Osun and politicisation of forensic analysis
By Olatunde Onakoya
Friday, March 14, 2008

No doubts, Osun State is today, in the eye of the storm. A storm occasioned by the state’s governorship election petition controversy. And no matter how long this drama takes, it promises to lead somewhere. Like what has been seen of states where issues of disputed elections have been firmly established, the lingering controversy in Osun, if anything, also seeks to offer practical classroom experiment in the near future, either in a law or political science classes.

Although, a few of the judgments at the different election petition tribunals across the country have been subjected to debate owing to the grounds on which such ruling were either thrown out or upheld. But ultimately, the judiciary has more than anyone else, shown keen interest in the total reform of the nation’s political system, at least, from the point of view of the rule of law. This is, therefore, the reason the situation in Osun State has elicited much interest. It is even worrisome that the Justice Naron-led tribunal is believed to have begun to wear the robe of partiality, double standards and partisan antagonism against the Action Congress (AC) candidate, Alhaji Rauf Aregbesola.

And for what is seen of this tribunal so far, it does not seem like one determined to ensure justice in the interest of this fledging but staggering democracy. Need I say voters may resort to self-help should this injustice be allowed to succeed, thus eroding public confidence of voters in the judiciary? Not to worry, my subsequent submissions will justify this line of argument.

In its bid to meet the deadline of May 13, 2007 for filing petitions, AC had applied to the Court for an order to inspect the materials used for the elections. The order was granted on May 22, 2007, 8 days after the deadline. This notwithstanding, the inspection commenced almost immediately. It took 150 days to do this as it ended in December, 2007. But the inspection process was still in progress when the parties to the case held the pre-trial conference on September 5, 2007.
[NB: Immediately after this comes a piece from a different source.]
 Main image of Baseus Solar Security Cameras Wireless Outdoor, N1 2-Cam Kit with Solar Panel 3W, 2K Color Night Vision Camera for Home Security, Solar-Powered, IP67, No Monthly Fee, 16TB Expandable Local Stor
But on August 10, 2007, INEC attempted to obstruct efforts of the AC in gathering evidence from the inspection as it stopped the photocopying and scanning of the inspected materials. The AC therefore applied to the tribunal for specific order to permit scanning and photocopying of ballots and forms and the tribunal granted the order but with a proviso that other respondents (PDP, INEC, Police and SSS) could observe the inspection if they so wished. The scanning, of course, took place at the INEC office in Oshogbo and was conducted by Messers Tunde Yadeka, a software expert and Mr. Bashiru Ajibola, a lawyer. Each scanned material was also indexed and certified by INEC before they were forwaded for analysis. Not less than 250,000 impressions of fingerprints were gathered from this exercise.

At this point, it was common sense that to facilitate the computer analysis of the gathered materials, while the scanning progressed in the INEC office, the scanned and photocopied materials should be stored in hard disks and analysed locally using the standard software by INEC for programming the election. And like the programme is designed, each booklet of ballot paper just like in the case of cheque books, must be allocated to a polling booth.

Besides, a serial numbering system was employed to identify the destination of each booklet of ballot papers. This simply is the basis of INEC’s Form EC 40c (serial number of ballot papers and quantity of ballot papers received) and form EC25 (schedule of distribution of election materials/electoral materials receipt). The implication of this is that it is possible to detect ballot papers that are alien to a station once the serial number of the booklet is ascertained.

And because there is no facility for bio-metric investigation of ballot papers in the country, AC took the pain and effort to employ the services of a world renowned expert, Adrain Forty. The scanned and photocopied materials were sent to his laboratory in Bristol , United Kingdom where he led 48 serving British police and two retired fingerprint experts to work on the 250,000 ballot papers. The essence of the investigation was to use the fingerprints on the ballot papers to ascertain the incident of multiple voting.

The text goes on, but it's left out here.